Realmente me sentí un poco inútil, sí…Parece que esa clase de personas que demanda consejos para que entren lentamente por uno de sus oídos y salga rápidamente por el otro no sólo nace en Argentina.  

Finalizando la conversación y siguiendo el camino hacia la comodidad de mi cama, un chico me sorprende por la calle pidiéndome por favor mi celular para hacer un llamado. Temblaba. Sus manos sangraban. Le dije que no se preocupara, se lo iba a prestar, pero que por favor se sentara y se calmara. Le pregunté que le había pasado y había sido algo así como una de esas peleas en la calle en las cuales el que no tiene nada que ver siempre se ve involucrado de algún modo.

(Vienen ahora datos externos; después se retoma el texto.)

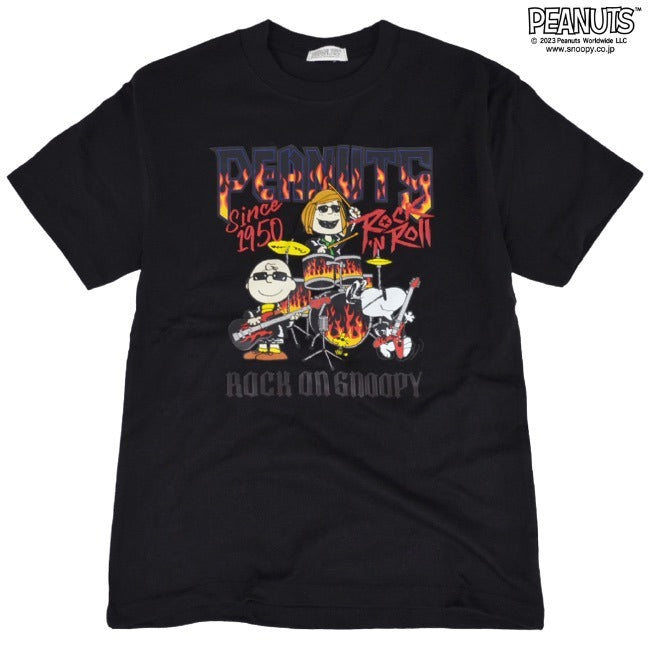 スヌーピー ピーナッツ 半袖 ロックオンスヌーピー Tシャツ 春夏秋 バンド snoopy spc-rb-001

Ese había sido él. 
Esa noche me sentí útil, después de mucho tiempo de no hacerlo. 


Creo que al no tener amigos ni familia cerca uno se vuelve indispensable para casi nadie.

***


Sentada en lo que sería el puerto de la ciudad o, mejor dicho “Waterfront” or “Viaduct” y comiendo un vegetarian kebab, me pregunto a mí misma por qué nunca lo probé antes. Dos meses habían transcurrido desde que me encontraba en esa ciudad y, para ser sincera, jamás me atreví a entrar a aquel lugar. Después de todo, las esperanzas de que existan opciones vegetarianas en el menú de un sitio de donde cuelgan y ruedan grandes piezas de carnes animales, son mínimas.  

Acúsenme de exagerada, pero hasta me produjo asco tan sólo escribir sobre ello.
Después de más de diez horas sin comer por una profunda depresión que no me permitió cocinar ni mucho menos salir de la cama, ese acto alimenticio era sin lugar a dudas lo mejor que me podía estar pasando. 

Ah, y…necesitaba hacer “eso” y a falta de uno de esos lugares en donde usualmente uno lo hace…hice pis atrás de una pared. Esa es la clase de momentos en que uno agradece a los kiwis por irse a dormir tan temprano y dejar la ciudad para uno solo. 

Y para hacer pis sin público, también.